The defendant challenged the accusation on two grounds;
- That the complainant/victim had withdrawn the complaint.
- That the purported crime lacked financial or moral causation on the part of the defendant.
The criminal courts rejected the first argument on the grounds that withdrawal of criminal complaints pursuant to Article 16 of the Criminal Procedures Law is limited to the crimes laid out in Article 10 of the Criminal Procedures Law; theft, breach of trust, insult, slander, and other crimes, but does not include the Cybercrime Law provision subject of the complaint.
As for the second argument, the defendant argued that the accusation lacked financial or moral causation, arguing that the advertisement by the victim published via Snapchat was not edited by the defendant in malice.
The defendant argued that he had discovered a grammatical error in the advert which he commented on in an edited reproduction of the original video, with no intent to defame or insult the advertiser. This argument was also rejected by all levels of courts.
The Federal Supreme Court upheld the lower courts ruling in finding the defendant guilty of violating Article 21 of the Cybercrime Law.
In its judgment, the Federal Supreme Court reasoned that the reproduction of the victim’s original video that had been published via Snapchat and the defendant proceeding to publish the edited version via Snapchat was punishable as the act was for the purposes of creating parody out of the original content.

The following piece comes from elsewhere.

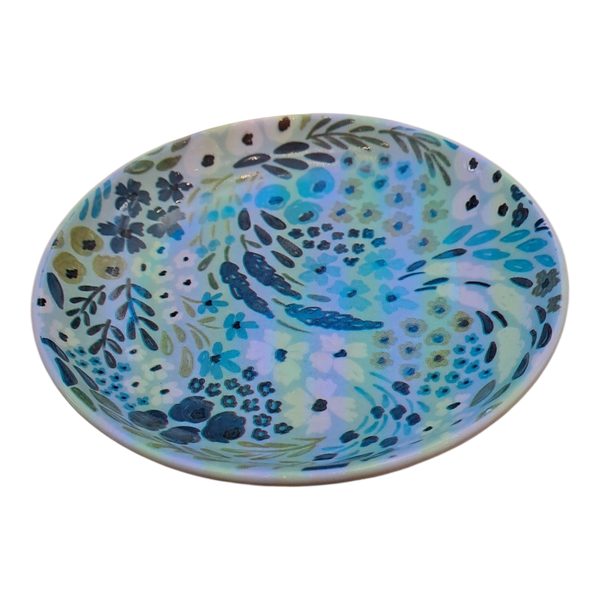 Gift Emporium Aqua Meadow Ceramic Trinket Bowl - 10cm Diameter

Fair use, parody, the DIFC IP law, and what this means for businesses
The Federal Supreme Court’s judgment raises questions towards the liability of parties in what could generally be considered as fair use for a limited and transformative purpose, to comment upon, criticize, or parody works (such as multimedia/social media).
Between 2006 and 2009, Mac (Apple) ran 66 television spots that parodied Microsoft. In 2014, IKEA published an advert on YouTube that parodies Apple’s iPhone. In 2019, BMW published an advert that parodies the retirement of Mercedes-Benz’s CEO, Dieter Zetsche, showing an actor playing Zetsche substituting a Mercedes-Benz for a BMW.
Business generally employ parody and satire for numerous reasons – sometimes targeted against other businesses for market exposure, at other times to sell content (such as satirical magazines).
Various jurisdictions generally allow for the reproduction of works for commentary and criticism, or parody, unless actual malice is proven, and in which case the threshold to evidence actual malice is generally high.
Recently, on 21 November 2019, DIFC Law No. 4 of 2019 on Intellectual Property was promulgated, and interestingly, the new law explicitly permits the use of a trademark registered in the UAE, or a well-known trademark, for parody purposes so long as the parody is conducted within the jurisdiction Dubai International Financial Center.
This is the first explicit statute on parody in the UAE.
Notwithstanding, the Federal Cybercrime Law is federal criminal legislation, which would essentially supersede the DIFC jurisdiction.
As for social media businesses, internal curator policies, geotagging, end-user license agreements, and other considerations must be addressed in light of these substantial novel developments.